# 2. Introduction to Pandas (LAYG - Learn-As-You-Go)

References: 
* https://pandas.pydata.org/pandas-docs/stable/getting_started/overview.html
* https://pandas.pydata.org/pandas-docs/stable/reference/frame.html
* https://pandas.pydata.org/pandas-docs/stable/reference/series.html

It is a Python package providing fast, flexible, and expressive data structures designed to make working with “relational” or “labeled” data both easy and intuitive.It aims to be the fundamental high-level building block for doing practical, real world data analysis in Python.
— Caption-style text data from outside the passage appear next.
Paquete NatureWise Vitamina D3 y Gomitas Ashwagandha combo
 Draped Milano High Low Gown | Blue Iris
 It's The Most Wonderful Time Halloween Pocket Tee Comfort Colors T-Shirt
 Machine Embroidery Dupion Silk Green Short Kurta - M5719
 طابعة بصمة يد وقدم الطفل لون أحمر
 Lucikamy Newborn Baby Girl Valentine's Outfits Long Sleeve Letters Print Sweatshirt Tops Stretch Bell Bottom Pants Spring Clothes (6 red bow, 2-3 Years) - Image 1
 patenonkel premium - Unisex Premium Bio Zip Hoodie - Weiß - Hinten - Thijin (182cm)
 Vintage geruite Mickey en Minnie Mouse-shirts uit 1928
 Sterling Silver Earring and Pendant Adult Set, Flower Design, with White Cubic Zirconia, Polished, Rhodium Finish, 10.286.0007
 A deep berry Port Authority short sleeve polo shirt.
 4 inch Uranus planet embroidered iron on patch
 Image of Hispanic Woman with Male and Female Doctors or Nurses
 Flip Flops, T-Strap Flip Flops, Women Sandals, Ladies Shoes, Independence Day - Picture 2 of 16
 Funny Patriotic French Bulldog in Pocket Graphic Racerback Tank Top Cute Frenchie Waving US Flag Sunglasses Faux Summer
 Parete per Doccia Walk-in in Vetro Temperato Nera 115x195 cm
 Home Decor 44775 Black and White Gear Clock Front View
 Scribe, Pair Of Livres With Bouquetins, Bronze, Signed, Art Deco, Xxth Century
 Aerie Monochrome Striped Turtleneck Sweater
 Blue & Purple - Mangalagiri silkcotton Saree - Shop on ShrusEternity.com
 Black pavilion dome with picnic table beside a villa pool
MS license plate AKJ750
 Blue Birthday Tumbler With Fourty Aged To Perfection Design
## 2.1 Import pandas library

In [None]:
import pandas as pd

Pandas is well suited for many different kinds of data:
* Tabular data with heterogeneously-typed columns, as in an SQL table or Excel spreadsheet
* Ordered and unordered (not necessarily fixed-frequency) time series data.
* Arbitrary matrix data (homogeneously typed or heterogeneous) with row and column labels
* Any other form of observational / statistical data sets. The data actually need not be labeled at all to be placed into a pandas data structure

Data structures in pandas are:

* `Series` objects: 1D array, similar to a column in a spreadsheet
* `DataFrame` objects: 2D table, similar to a spreadsheet
* Panel objects: Dictionary of DataFrames, similar to sheet in MS Excel

## 2.2 Series

Pandas Series is a one-dimensional labeled array capable of holding data of any type (integer, string, float, python objects, etc.). The axis labels are collectively called index. Pandas Series is nothing but a column in an excel sheet. Labels need not be unique but must be a hashable type. The object supports both integer and label-based indexing and provides a host of methods for performing operations involving the index.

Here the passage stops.